病気が原因となってせん妄が起きている場合は、病気を改善することが大事です。
・身体的原因の改善
感染症や低酸素血症、低ナトリウム血症、低血糖や高血糖、肝不全や腎不全、脱水や栄養不良などがある場合原因となる病気を改善することが大事です。
・薬剤、中毒関連への対応
不要な薬は中止しましょう。アルコールや薬物離脱はベンゾジアゼピンで調整し、ステロイド高用量は可能なら減量します。
・環境調整
せん妄改善には、脳が安心できる環境づくりがとても重要です。明るさや昼夜のリズムを整える、時計やカレンダーを置き時間の見当識を保つ、眼鏡や補聴器を使用し、感覚情報を確保する、家族の声かけや付き添いで安心感を与える、不必要な身体拘束や点滴やカテーテルを最小限にする、睡眠を確保するなどを心がけましょう。
・薬
危険行動や強い幻覚がある場合に限定して使用します。代表薬はハロペリドール、クエチアピン、リスペリドンなどです。

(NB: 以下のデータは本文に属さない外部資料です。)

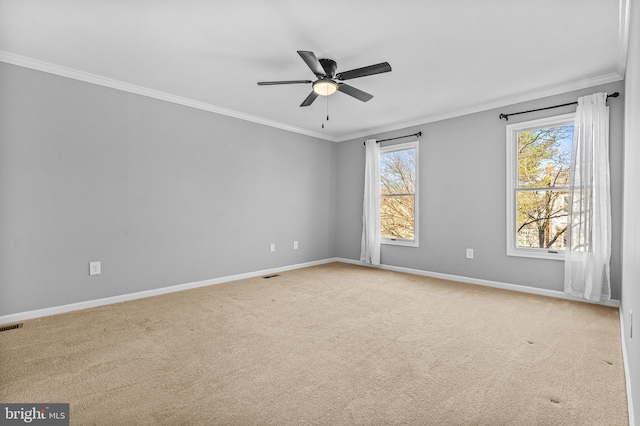 spare room with crown molding, light colored carpet, and baseboards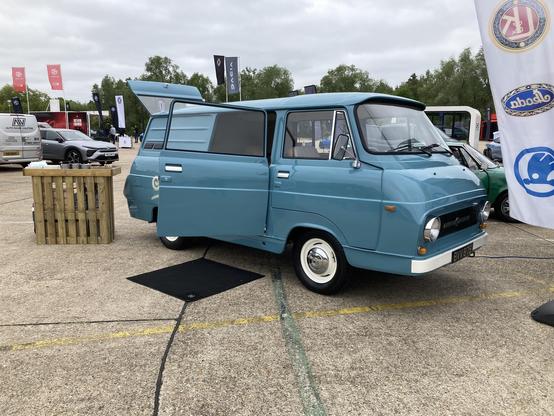 Mid-blue Skoda 1203 van being used as a coffee truck with large front-hinged side door open, front quarter view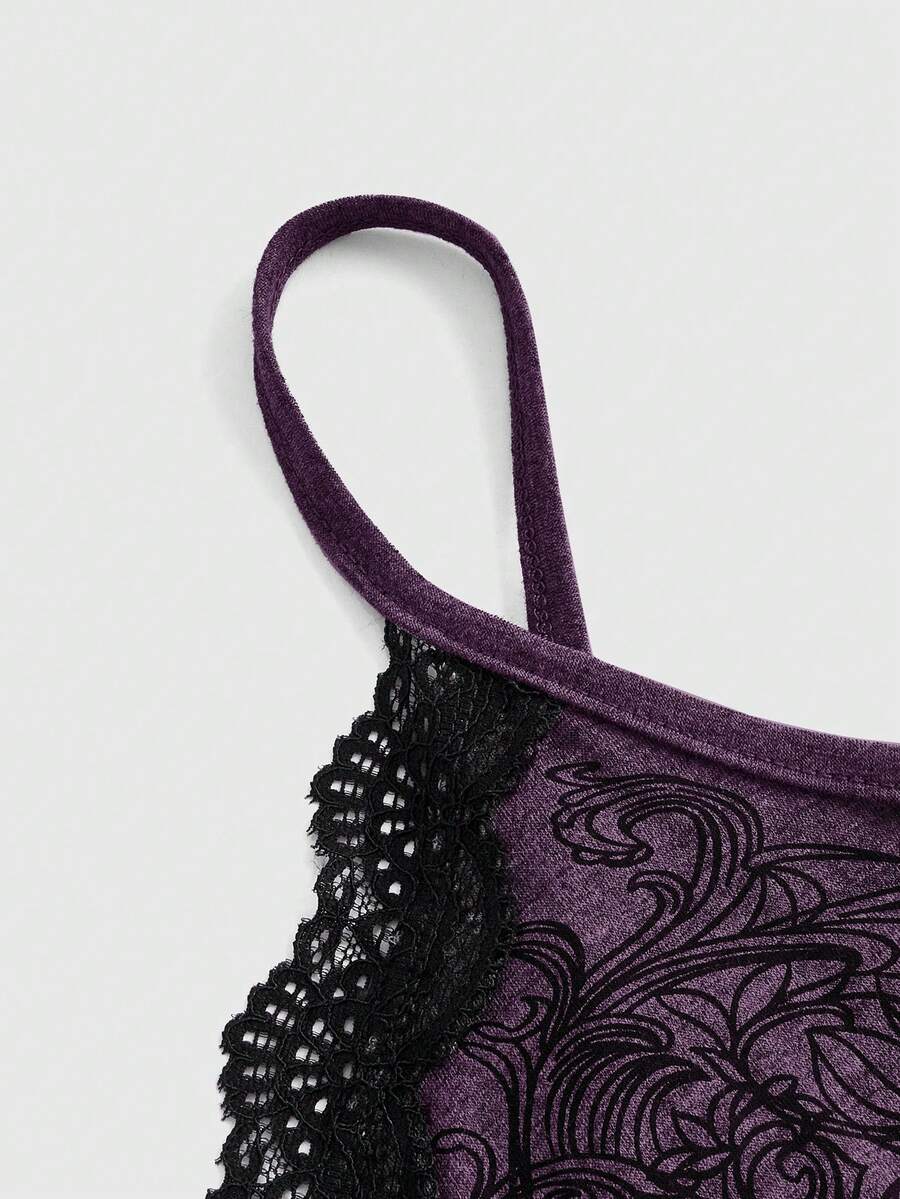 Pink floral print crop camisole top for women featuring contrast lace trim, spaghetti straps, and a slim fit.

せん妄の原因は様々です。そのため、せん妄を防ぐためにできることもいろいろあります。
高齢者の場合、せん妄を発症しやすいため、自分の体の不調や変化について自分で把握しておくことが大事です。日頃から生活リズムを整え、体調の変化などを起こさないように心がけて過ごしましょう。
環境が急に変わることもせん妄の原因の一つです。環境を大きく変えることを避けることも予防になります。
入院などで環境が大きく変わる時には昼と夜の区別ができる環境をつくるようにし、できる限りいつも通りの生活ができる状態にしておきましょう。